Abundan las razones: en medio de un sistema donde las mujeres tienen muchas menos oportunidades económicas que los hombres, prefieren quedarse en el hogar pues no tienen a dónde ir ni cómo subsistir; han sido víctimas durante mucho tiempo de manipulaciones y abusos psicológicos que no les permiten juzgar la situación como es debido; la ambivalencia constante de sus parejas (el ciclo te pego, te pido perdón, me porto bien, te vuelvo a pegar, ad infinitum) las lleva a darles segundas y terceras y cuartas oportunidades; tienen miedo de que al denunciar o irse van a ser sujetas de una violencia peor (las cifras de feminicidios por venganzas refuerzan esta idea); saben que el sistema judicial es inoperante y que las autoridades no las pueden proteger; sienten que pueden perder toda la vida que han construido pues la sociedad las trataría como parias; presienten no sólo que nadie les va a creer, sino que las van a juzgar y maltratar por querer arruinar el buen nombre de su expareja. Y hay, por supuesto, mil razones más.
Por eso, acercarse al tema desde el maniqueísmo no sólo es ingenuo, sino peligroso.
En su columna del viernes pasado en El Espectador, Claudia Morales tuvo la valentía de contar haber sido víctima de una violación. También explicó que no dirá en público el nombre del agresor y defendió sus razones, que son los de cientos de miles de otras mujeres que han tenido que pasar por situaciones similares. Además, advirtió que “los linchamientos en gavilla, cuando se trata de un ser abusado, duelen, desestimulan la denuncia y también a muchos los llenan de vergüenza”.
Muchas personas la atacaron, le preguntaron por qué no daba el nombre, que si quería ganar protagonismo, que si pretendía iniciar una “cacería de brujas” contra todos sus anteriores jefes. También dudaron de la veracidad de lo que contó.
¿Acaso no se dan cuenta del efecto perverso que tiene reaccionar así? ¿No saben que hay muchísimas mujeres en silencio viendo precisamente esas respuestas y pensando que les iría mejor quedándose calladas y no contando sus casos? ¿Es esa la sociedad que queremos, donde hombres con poder (en todos los contextos) pueden hacer lo que les venga en gana con las mujeres porque saben que ellas no van a denunciar y que, si denuncian, las van a juzgar como mentirosas, oportunistas y tantos otros adjetivos negativos?

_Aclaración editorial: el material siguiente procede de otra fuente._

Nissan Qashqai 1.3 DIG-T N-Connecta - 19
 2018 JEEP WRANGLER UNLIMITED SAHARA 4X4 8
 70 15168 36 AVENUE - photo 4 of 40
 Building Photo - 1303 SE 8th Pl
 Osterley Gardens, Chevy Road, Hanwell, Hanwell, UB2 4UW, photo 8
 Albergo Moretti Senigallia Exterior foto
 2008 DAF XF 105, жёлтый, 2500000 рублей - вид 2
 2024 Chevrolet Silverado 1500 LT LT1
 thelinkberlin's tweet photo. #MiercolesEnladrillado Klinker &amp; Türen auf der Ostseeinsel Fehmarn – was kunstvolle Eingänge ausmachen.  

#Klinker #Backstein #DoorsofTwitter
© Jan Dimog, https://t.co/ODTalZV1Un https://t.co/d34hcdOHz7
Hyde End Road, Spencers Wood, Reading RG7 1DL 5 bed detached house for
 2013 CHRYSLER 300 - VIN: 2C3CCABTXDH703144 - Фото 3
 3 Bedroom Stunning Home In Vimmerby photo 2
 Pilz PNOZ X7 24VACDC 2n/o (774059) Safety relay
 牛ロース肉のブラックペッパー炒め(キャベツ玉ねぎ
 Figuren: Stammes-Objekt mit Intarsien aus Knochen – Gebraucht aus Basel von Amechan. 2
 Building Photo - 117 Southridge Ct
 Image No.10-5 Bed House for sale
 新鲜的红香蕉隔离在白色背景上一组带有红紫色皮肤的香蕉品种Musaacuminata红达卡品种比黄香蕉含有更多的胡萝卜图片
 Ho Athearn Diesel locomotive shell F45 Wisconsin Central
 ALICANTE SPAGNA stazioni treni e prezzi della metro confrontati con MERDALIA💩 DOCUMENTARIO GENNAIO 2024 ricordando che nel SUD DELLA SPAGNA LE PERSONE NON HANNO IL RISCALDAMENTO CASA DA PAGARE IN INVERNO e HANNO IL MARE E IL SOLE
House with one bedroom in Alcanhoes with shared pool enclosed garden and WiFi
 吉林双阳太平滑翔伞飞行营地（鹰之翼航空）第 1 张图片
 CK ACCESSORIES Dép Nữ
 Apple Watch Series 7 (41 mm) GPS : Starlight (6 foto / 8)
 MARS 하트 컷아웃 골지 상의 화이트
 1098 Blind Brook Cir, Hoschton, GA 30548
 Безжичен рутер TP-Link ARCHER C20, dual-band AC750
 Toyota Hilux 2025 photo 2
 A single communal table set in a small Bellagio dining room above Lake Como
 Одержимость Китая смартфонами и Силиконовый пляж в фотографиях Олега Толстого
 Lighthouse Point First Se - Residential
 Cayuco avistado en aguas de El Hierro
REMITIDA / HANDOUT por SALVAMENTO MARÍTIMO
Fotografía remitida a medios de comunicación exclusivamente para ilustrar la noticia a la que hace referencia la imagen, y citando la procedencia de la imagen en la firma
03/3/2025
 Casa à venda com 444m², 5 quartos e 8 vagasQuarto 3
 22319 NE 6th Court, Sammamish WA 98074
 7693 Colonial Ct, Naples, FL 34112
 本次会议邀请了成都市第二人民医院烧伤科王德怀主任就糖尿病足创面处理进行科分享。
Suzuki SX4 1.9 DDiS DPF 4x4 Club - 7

En vez de cuestionar cada decisión que las mujeres víctimas toman, la atención debería centrarse en los agresores y en las condiciones existentes en nuestra sociedad que los protegen. También en generar más empatía y comprender que tanto los silencios, como las denuncias, tienen detrás tragedias terribles que nadie debería tener que soportar.